Die griechische Regierung muss, so fordert das der Leiter der deutschen SPD-nahen Stiftung in Athen, die soziale Frage konsequenter angehen.
"Es gibt keine Sozialhilfe in Griechenland, es gibt kein Arbeitslosengeld in Griechenland, das heißt, es sind vor allem Arbeitslose, Langzeitarbeitslose, die davon betroffen sind, Familien. Das heißt, wir haben auch ein großes Problem im Bereich der Kinderarmut. Und da ist aus meiner Sicht ein Manko seitens dieser linken griechischen Regierung, die es noch nicht geschafft hat, ein flächendeckendes System einzuführen, mit dem diese Familien unterstützt werden."
Das Geld, das ein besseres Sozialsystem für Griechenland kosten würde, meint Katsioulis auf der anderen Seite, ist immer noch in alten Strukturen begraben, die stärker reformiert werden müssten. Und Geld kann auch aus den Bereichen kommen, wo Griechenlands Wirtschaft wächst: im Tourismus und im Transportwesen.

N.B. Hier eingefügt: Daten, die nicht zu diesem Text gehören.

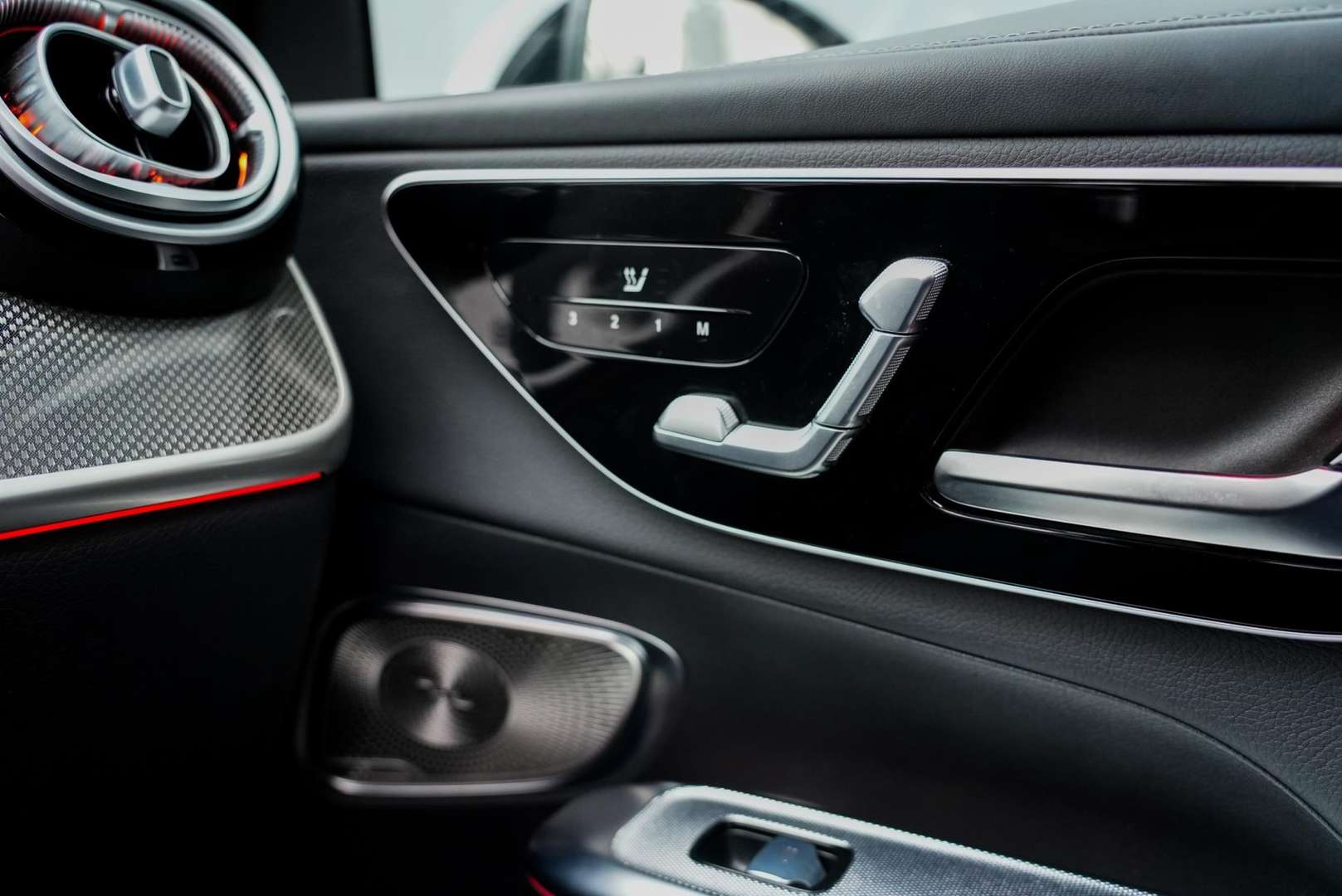 Mercedes GLC 300 300 Night Edition - 2022 - Joinsteer - #17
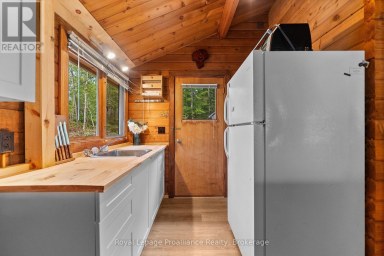 596 RIVER ROAD Hastings Highlands (Bangor Ward) Ontario photo 6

"Der Logistikknotenpunkt, sprich die Schnittstelle, die Griechenland mit seinen Häfen in einer geografisch idealen Position bieten kann, die kann man stärker ausbauen und das geschieht auch schon, zum Beispiel im Hafen von Piräus. Das kann man aber am Hafen von Thessaloniki, der der Zugang zum gesamten Balkan ist, noch stärker ausbauen.
Doch auch Hoffnung also, dass Griechenland trotz Schuldenberg und schwerer wirtschaftlicher Sorgen die wichtigen Stellschrauben für eine bessere Zukunft noch findet.